Hi ladies. I'm looking at mountian bikes for my wife. How important is it to get a womens specific bike vs a regular unisex bike? Is there really that much difference? Is the difference in frame geometry or other things like seats and stems that are easily changed? What has been your experience with womens specific bikes? Thanks for the help.


----------



## OutLore (Aug 9, 2013)

I know we had a hard time finding a bike with enough standover clearance - even the smallest of regular frames resulted in no clearance... The women's specific equivalent frames (from the same manufacturers) were fine - but the majority of them had "curved" top tubes or similar... Yet, apparently women have a higher leg/torso relationship than men. (Although I am sure I read some research somewhere that said on average it's actually about the same for a given ethnicity).

IMO - this is exaggerated even more with 29ers - to the point that the 5ft5" Mrs. OutLore will have her feet hit the front wheel if she's taking a tight corner, on a small framed Specialized Jett...


----------



## SunnyNAZ (Oct 31, 2012)

Fargo, the best answer is..it depends. Sorry but that is really the way it goes. Many here swear by the men's unisex and have said that they sometimes put less sturdy components on the Women Specific Design (WSD) bikes. Then there is the build and body type of the person. I am only 5'2" but I prefer the men's unisex (xs) because they typically have a longer top tube. I have a long torso and short legs so it works for me. Others will find the WSD to be a better fit. Get her to try some different bikes and don't limit yourselves to the WSD bikes. Good luck!


----------



## mtbxplorer (Dec 25, 2009)

I have not tried one yet, and have been MTB'g for 25 years. Of course, I could be missing something and just not know it yet.


----------



## sooshee (Jun 16, 2012)

My road bike is WSD, the rest of my bikes are unisex. I always change my stems (to super short) and my saddles, so really I can't tell the difference. Aside from paint colors, but luckily my brand of choice offers pink in unisex frames, especially for cyclocross. Score for me!

It's really best to just try a bunch of bikes and see what feels the best. I really hate when bike shops tell women that women's bikes are automatically better. In my experience, I had to change the same things on a women's bike as I do on a unisex for it to fit correctly.

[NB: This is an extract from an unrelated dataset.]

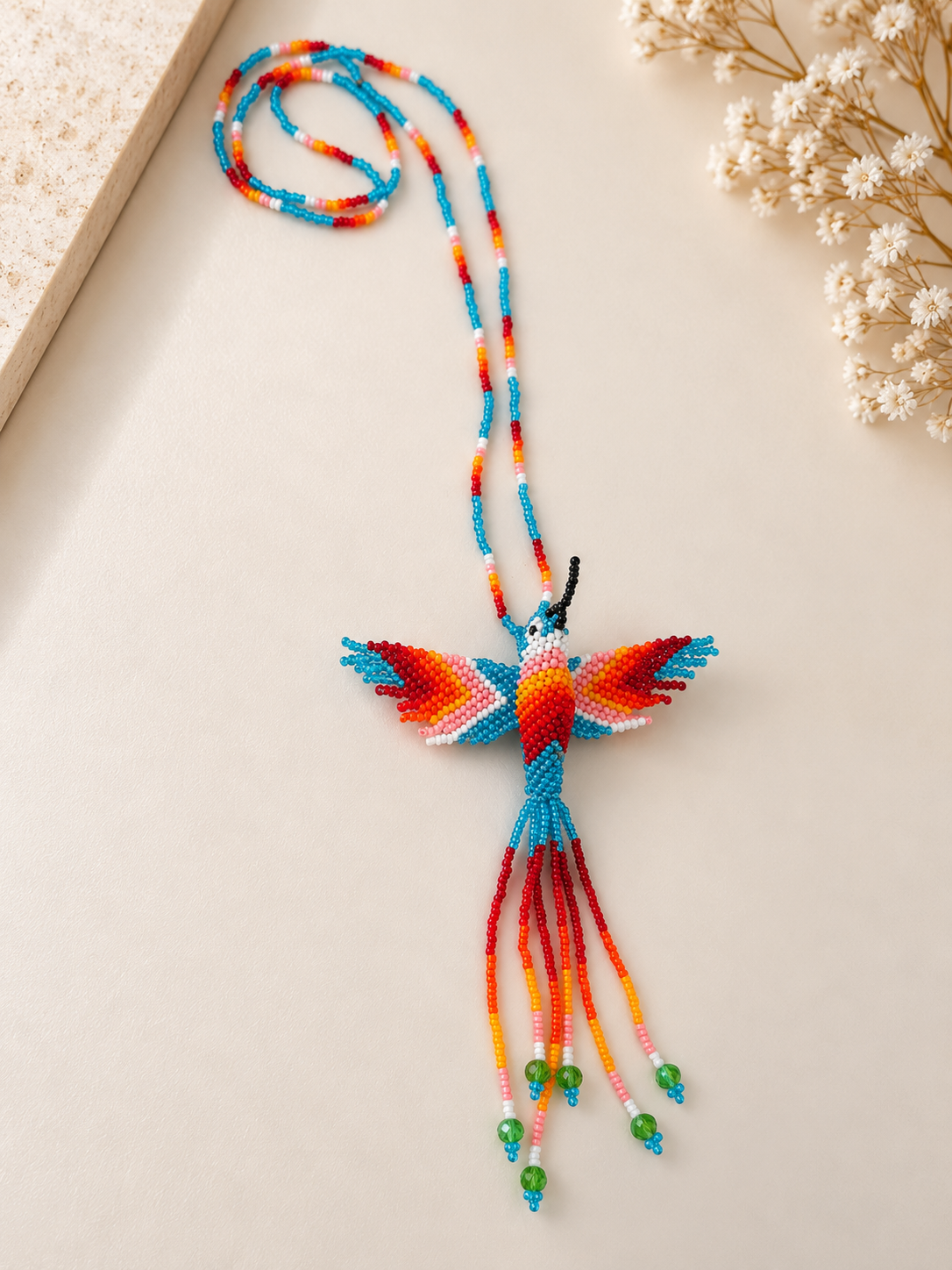 Hummingbird 3D Beaded Necklaces colors Artisan Boho Jewelry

(for reference, I'm 5'8" with insanely long legs, so I fit easily on common unisex sizes)


----------



## Fargo1 (Oct 19, 2012)

Thank you everyone. Sounds like it could work either way. Kind of what I thought. Guess I just need to get her to sit on some bikes.


----------



## Rae6503 (Jun 30, 2009)

I'm 5'9". I walked into a shop and told them I needed medium frame. The first thing they put me on was a Giant's women specific. Too small for me, and just kind of a "weird" fit. The medium men's of the same bike was fine.

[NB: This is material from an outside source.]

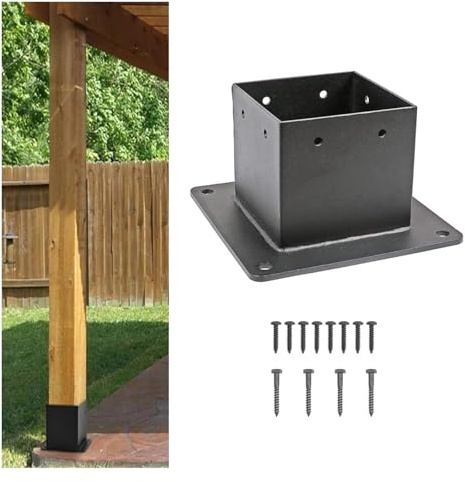 Stolpeankarbas, däckstolpsbas, 4x4 stolpbas (inre storlek 3,58x3,58) Kraftig stolpeankare Tjockt stål Mattsvart stolpar Fästen for däckstaket Brevlåda Pergola(1pc)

So again, it depends. I know smaller women tend to like them.


----------



## sooshee (Jun 16, 2012)

Ray6503 said:


> I'm 5'9". I walked into a shop and told them I needed medium frame. The first thing they put me on was a Giant's women specific. Too small for me, and just kind of a "weird" fit. The medium men's of the same bike was fine.
> 
> So again, it depends. I know smaller women tend to like them.


Weird, the same thing happened to me when I bought my first MTB... unfortunately, I ended up buying the women's medium frame (ironically, also a Giant) and dealt with fit issues until I got a unisex Specialized in medium


----------